U.S. officials attended a Montreal meeting on Saturday of ministers from more than 30 of the nations that signed the climate change agreement. The Wall Street Journal reported that Trump administration officials had said Washington would not pull out of the agreement and had offered to re-engage.
“There was some confusion over the weekend and I think we removed all the confusion,” Cohn said, referring to the Montreal meeting.
U.S. Secretary of State Rex Tillerson said on Sunday the United States could remain in the Paris climate accord under the right conditions.
Cohn, who is overseeing the issue for Trump, on Monday declined to elaborate on suitable terms that the United States would consider to remain in the accord.
“The mood was good,” Cohn said of the meeting, which was attended by representatives from Brazil, Argentina, the European Union, Japan, Australia and Canada. “Very constructive. Everyone wants to work together. Everyone wants to understand everyone’s position. I think everyone has a understanding where we all want to get to.”
FOUR YEARS TO WITHDRAW
It takes four years for a country to withdraw from the Paris agreement, so the United States will be a party to it until two days after Trump’s first term ends, if it follows through on the pullout.
His planned withdrawal, part of the Republican president’s nationalist “America First” message, drove another wedge between the United States and some of its closest allies. His Democratic predecessor, Barack Obama, was instrumental in brokering the deal intended to address one of the leading global concerns of the 21st century. Trump in the past has described climate change as a hoax.
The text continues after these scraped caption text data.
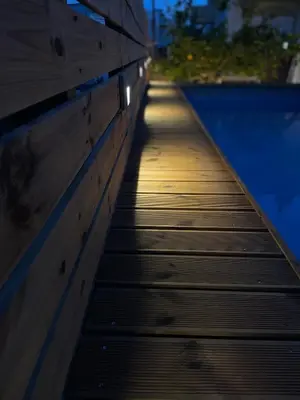 a wooden walkway leading down to a swimming pool at Casa de Manu in Rhodes Town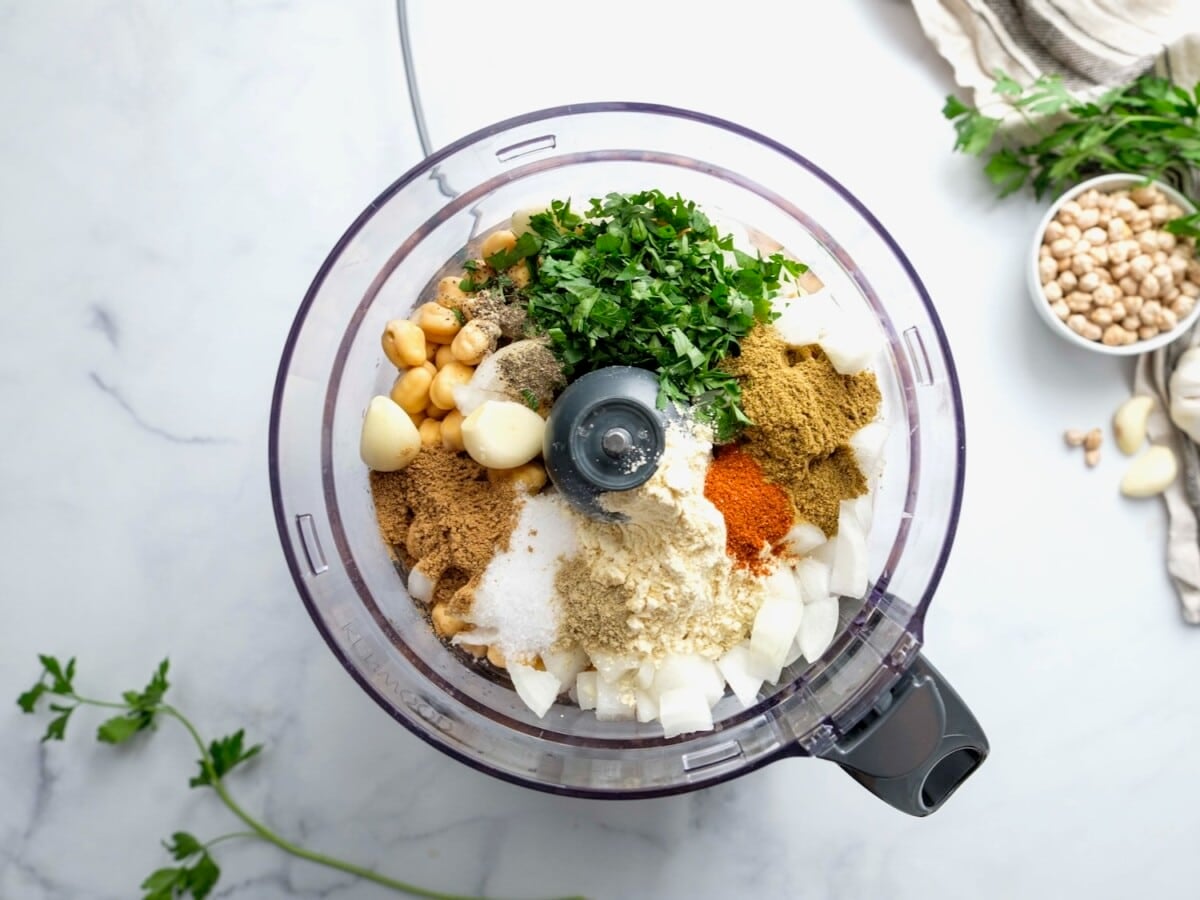 Horizontal overhead image of a food processor bowl filled with falafel ingredients.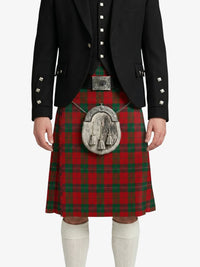 Person wearing a black jacket with silver buttons and a red tartan kilt on a white background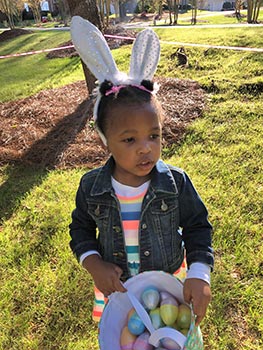 Little black girl wearing bunny ears on an Easter egg hunt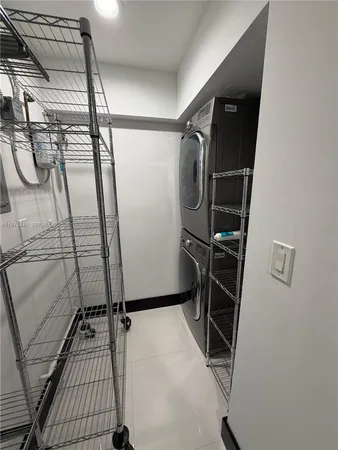 a view of a swimming pool with a yard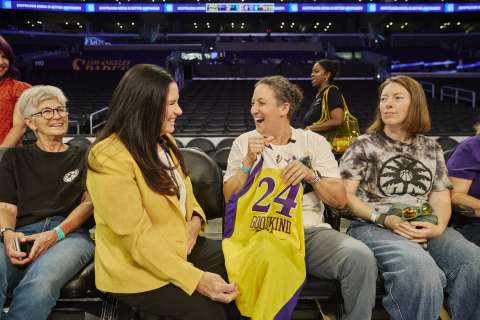 A patient sits courtside at an LA Sparks game with mother, doctor and finacee.
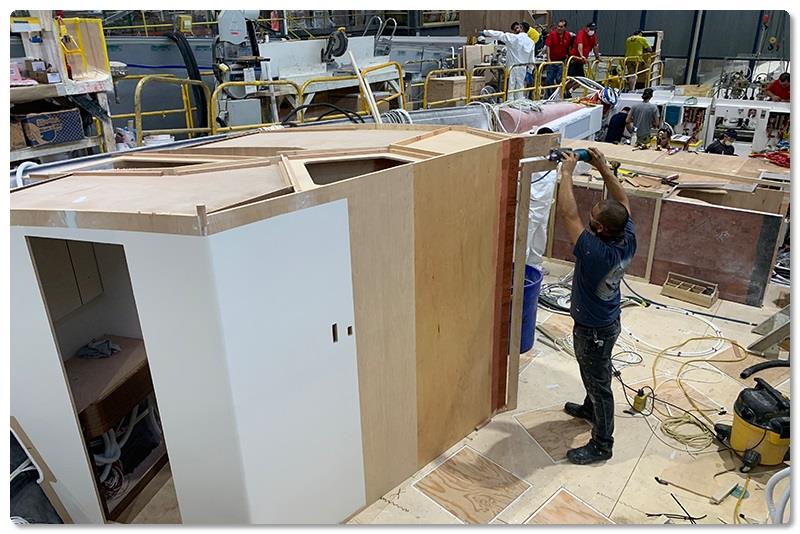 The master and forward VIP head module has been positioned in the forepeak area; Carpenter Martin Torres is shown removing a temporary support structure for the unit. - photo © Viking Yachts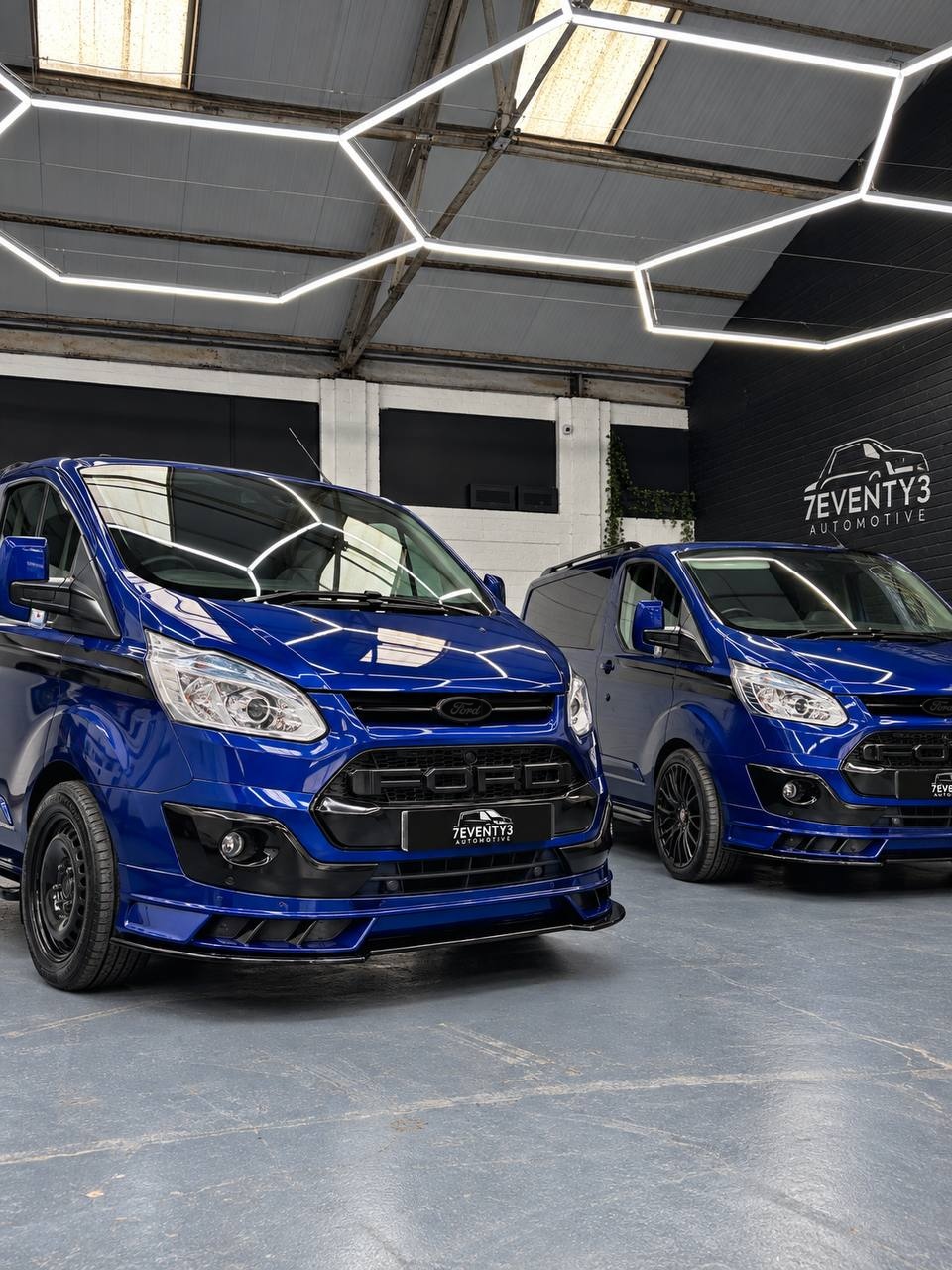 Two blue Seventy3 vans in the Annan showroom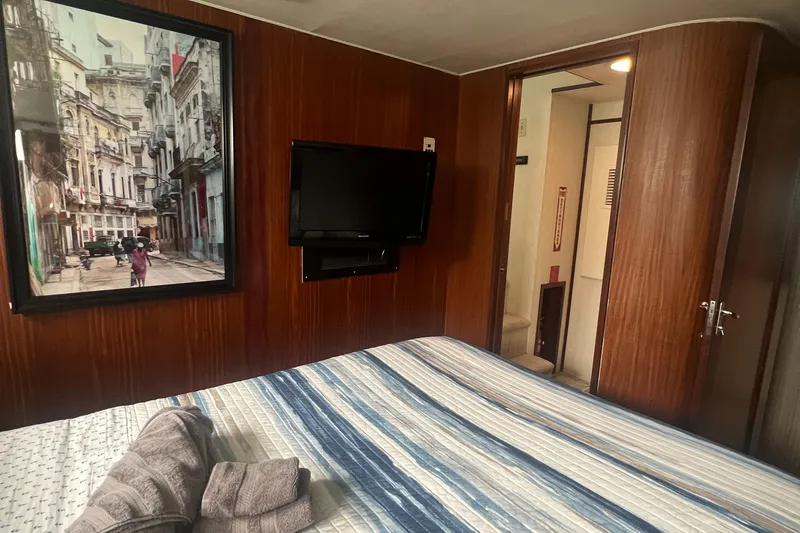 Slide: The Image of Interior of 1990 Hatteras 70 Cockpit Motor Yacht bedroom with TV and artwork. - 45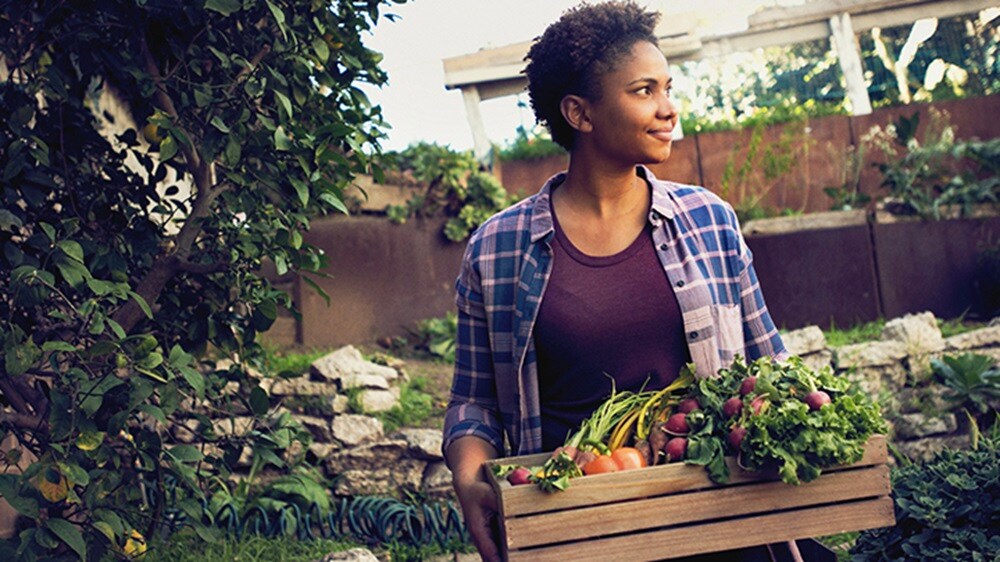 Carga perecedera - Una mujer sonriente sosteniendo una cesta de frutas y verduras.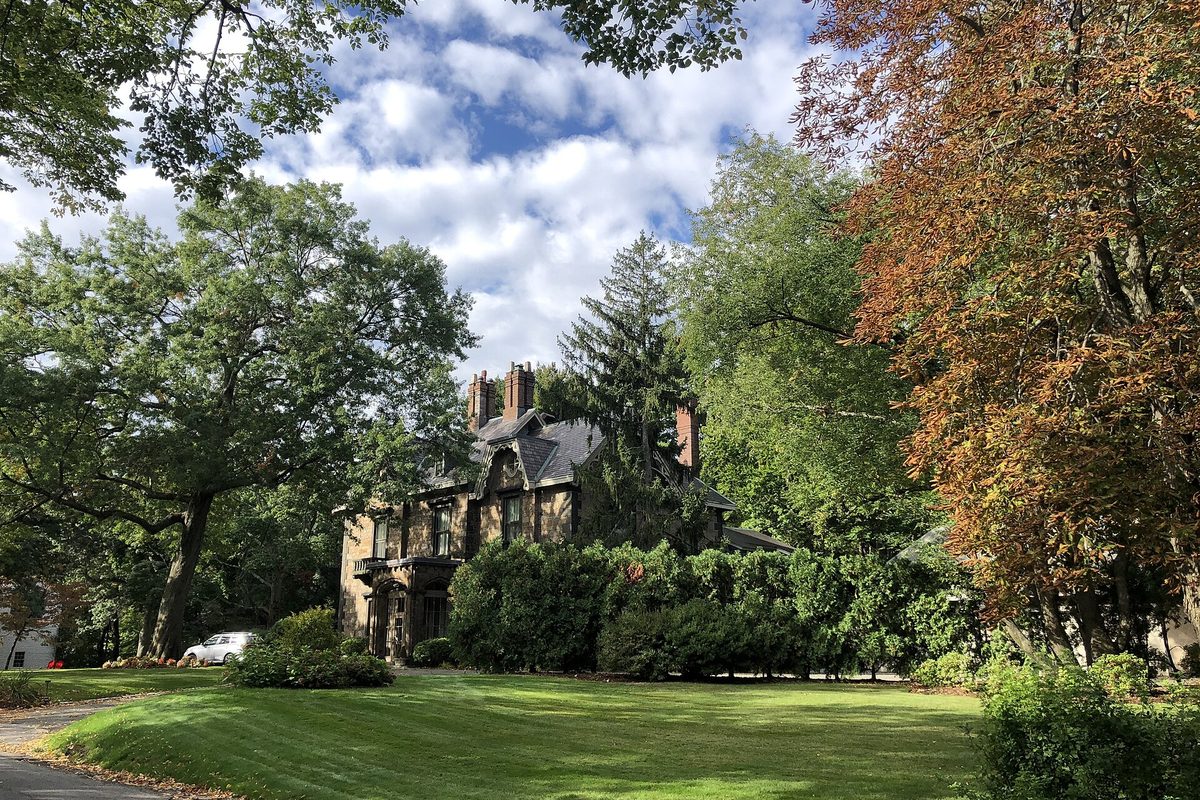A large Victorian stone house half hidden by tall trees and early fall foliage on Cottage Farm Road in Brookline, behind a wide green lawn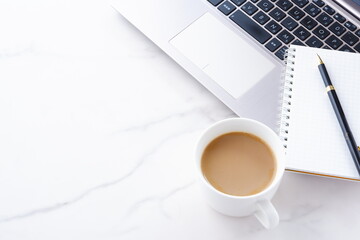 淹れたての美味しいコーヒー、カフェ・ラッテを飲みながら、ノートパソコンでデスクワーク中のイメージ
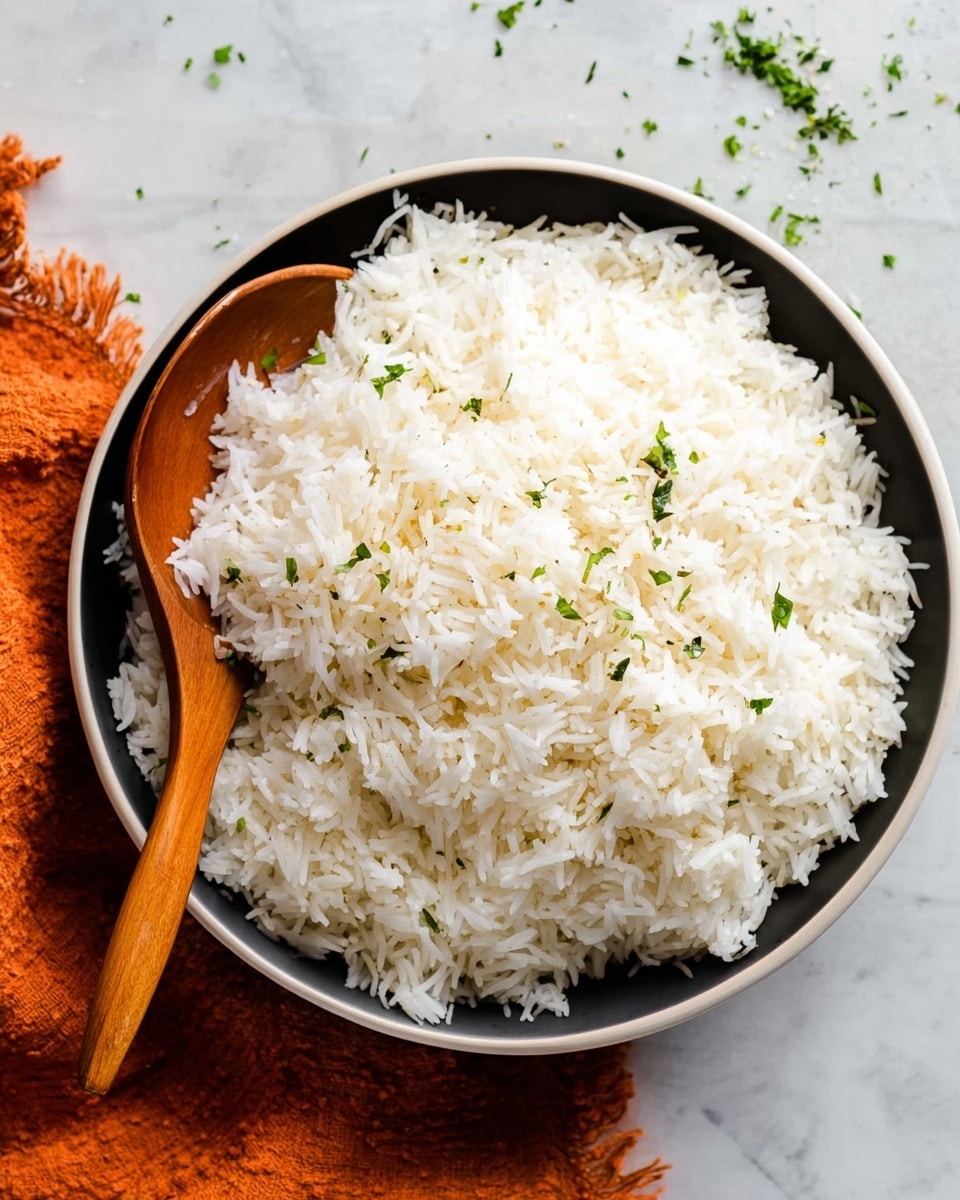 A large round white bowl is full of fluffy cooked white rice, with individual grains visible and slightly separated. The rice is sprinkled lightly with small green herb pieces on top and mixed in, adding a touch of color. A wooden spoon with a curved handle rests inside the bowl, partially buried in the rice on the left side. The bowl sits on a white marbled textured surface with a textured orange cloth in the upper left corner and scattered small green herbs nearby, enhancing the fresh look. Photo taken with an iphone --ar 4:5 --v 7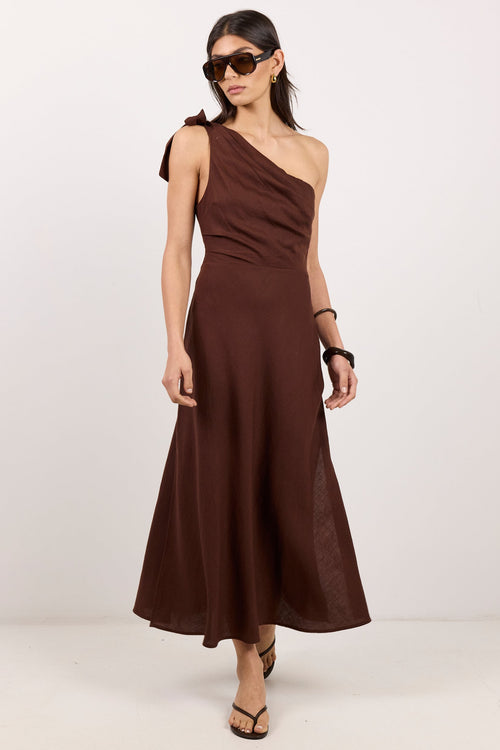 A woman modeling a dark brown, one-shoulder midi dress with a draped, gathered bodice and a flowing skirt, styled with sunglasses and flat sandals against a plain white studio background.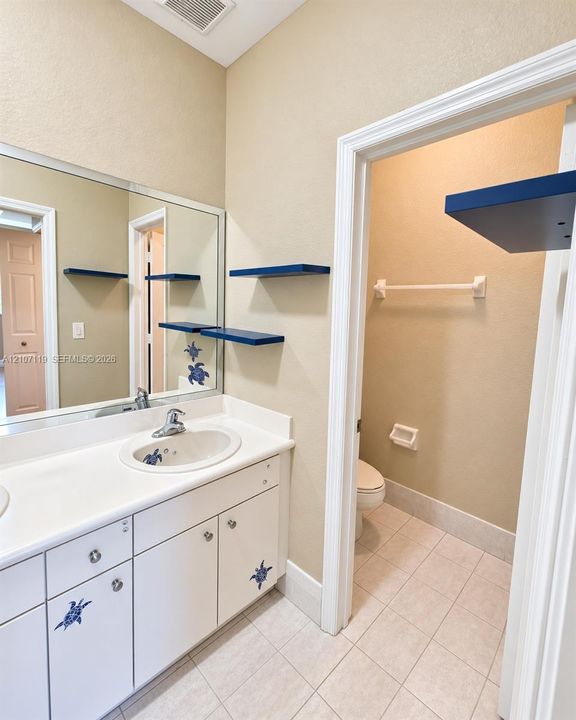 White vanity with integrated basin, solid-surface countertop, full-width mirror, and ceramic tile flooring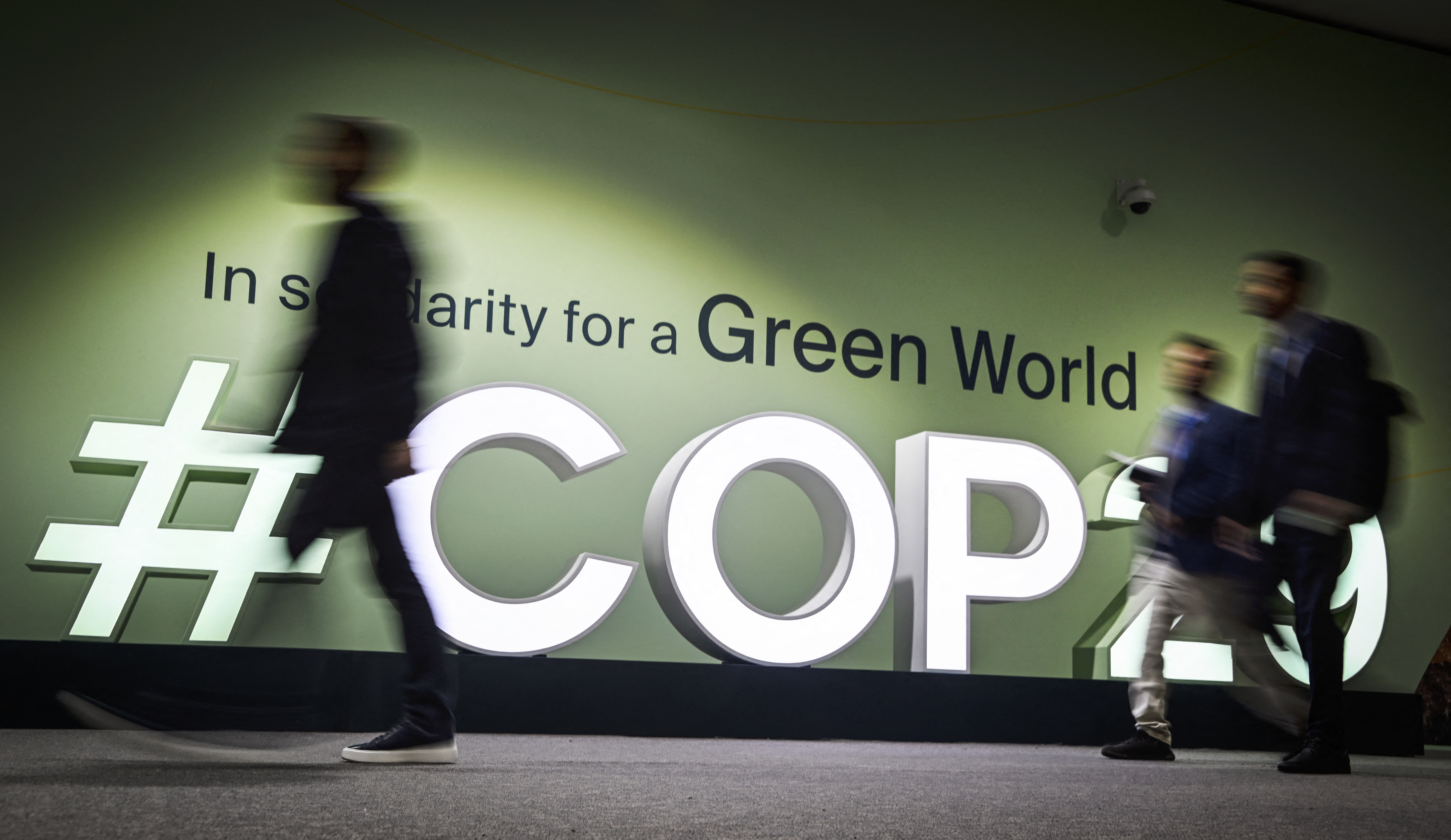 People walk past the logot at the venue for the 2024 United Nations Climate Change Conference (COP29) in Baku on Nov. 11, 2024.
Cohn has been part of the “stay-in” accord camp among Trump’s advisers, which also included Trump’s daughter Ivanka and son-in-law, Jared Kushner. Trump’s former chief strategist Steve Bannon was one of the main opponents of the accord before leaving the White House last month.
France, which has staunchly defended the Paris accord since Trump announced his decision to withdraw, said it would push forward with implementation no matter what.
“We’ve taken note of President Trump’s statements to not respect it, but for the moment no acts have been put into force and we have to hope that we can convince him to change his mind,” foreign minister Jean-Yves Le Drian told reporters in New York.
“To convince him, international pressure must be strong, but we will not stop the implementation of the Paris accord,” he added.
Asked if she had learned anything new about the U.S. position, South African environment minister Edna Molewa said: “It’s important to understand one another’s domestic issues.” She added, “This is what I think what’s happening now.”
The climate accord, reached by nearly 200 countries in 2015, was meant to limit global warming to 2 degrees Celsius (3.6 degrees Fahrenheit) or less by 2100, mainly through pledges to cut carbon dioxide and other emissions from the burning of fossil fuels. U.S. allies have been vocal on its importance.
A European official at the breakfast told Reuters Cohn made the same points on the U.S. position that he made publicly but with a more positive, open tone. The official said while the United States could remain in it under the right conditions, those were not there yet.